I know the data is messy so not sure how well it would work, but there's an obvious seasonal component to the concentration of CO₂ in the atmosphere. So much that in the first year, the experimenters were worried that their data was garbage because how could CO₂ concentration be going down in a place so far from civilization? But it turns out as a whole, it's like the Earth takes a breath every year. IIRC it's mainly related to more land mass on the Northern Hemisphere, and the terrestrial biosphere is more variable than the oceans are.

In theory, you should be able to decompose the signal into waves, and many will have a period of about one year. But I'm too lazy to actually try, er, I mean, an exercise left to the reader.

If you have 2 or more teachers, odds are very good you’re being taught about it. I had 6+ teachers as a senior in high school. No need for my band, math, English, or even history teacher to teach it. This headline is not alarming.

At my wife's elementary school, they taught climate change and what the kids could do to help (recycle, conserver water and energy, etc.). But you know what actually got the kids to start doing all those things and making their parents recycle and turn off lights?

The movie "Happy Feet". It scared the kids into thinking the planet will melt.

What we really need is more cartons about climate change. That's what will get kids concerned and their parents.

Yes but what to do about the adults who deny a problem exists and the news network that reinforces it?

Difficult one! How do you get people like Bengtsson, former director of the Max Planck Institute for Meteorology in Hamburg and winner of the 51st IMO Prize of the World Meteorological Organization for his pioneering work in numerical weather prediction, and Richard Lindzen, ex-Professor of Meteorology at MIT, Freeman Dyson plus a couple of physics Nobel prize winners and a score more, to see sense? If only they'd listen to Greta Thunberg!

> It scared the kids into thinking the planet will melt.

How is this a good thing? I don't get it.

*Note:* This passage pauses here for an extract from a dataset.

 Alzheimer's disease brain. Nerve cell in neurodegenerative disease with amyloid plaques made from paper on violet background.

Because despite our best efforts, emotion is a far stronger motivator for people than reason. A cartoon like this can deeply ingrained the fear of global warming into a kid in a way that will subconsciously motivate future decisions, way more than the simple facts of the situation would.

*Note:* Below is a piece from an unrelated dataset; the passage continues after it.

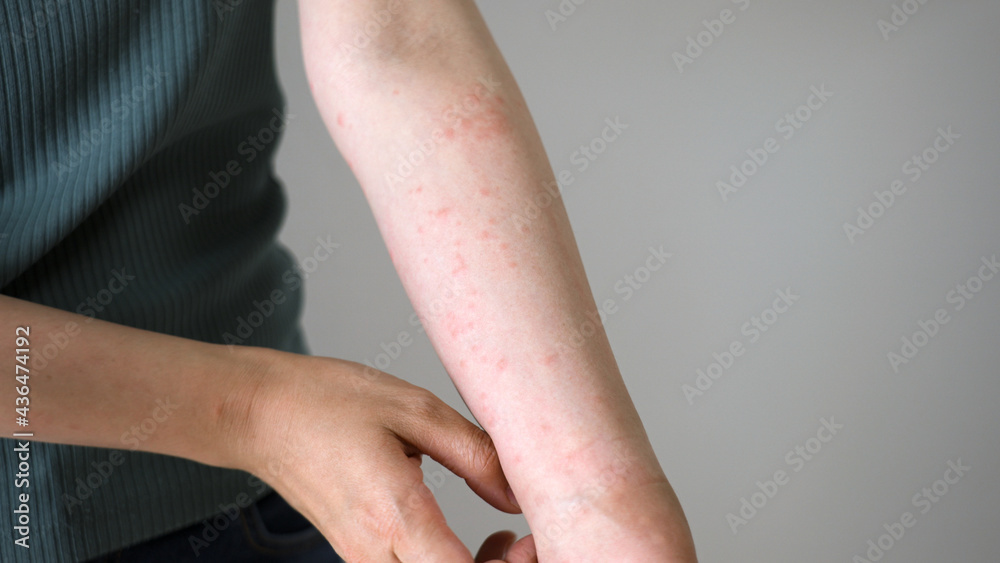 ストレスで腕に湿疹が出る女性 Stock 写真 | Adobe Stock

Horrific logic. Lying to put kinds into a state of doom fear is a life altering event. Exactly not what teachers are for.

Not to mention it will backfire.

Strange...I remember learning about climate change in kindergarten in the 90s...

How is that strange, dude? 42% of teachers teach it. It's almost literally a coin flip whether you get it or not. Not exactly rare odds.

Interesting to see how high the percentage of people who want to be taught more about climate change in the US (among both Republicans and Democrats too!)

Here in New Zealand there isn’t any standardised content/curriculum specifically focused on climate change as far as I know, but it is very much talked about in the classrooms of most schools.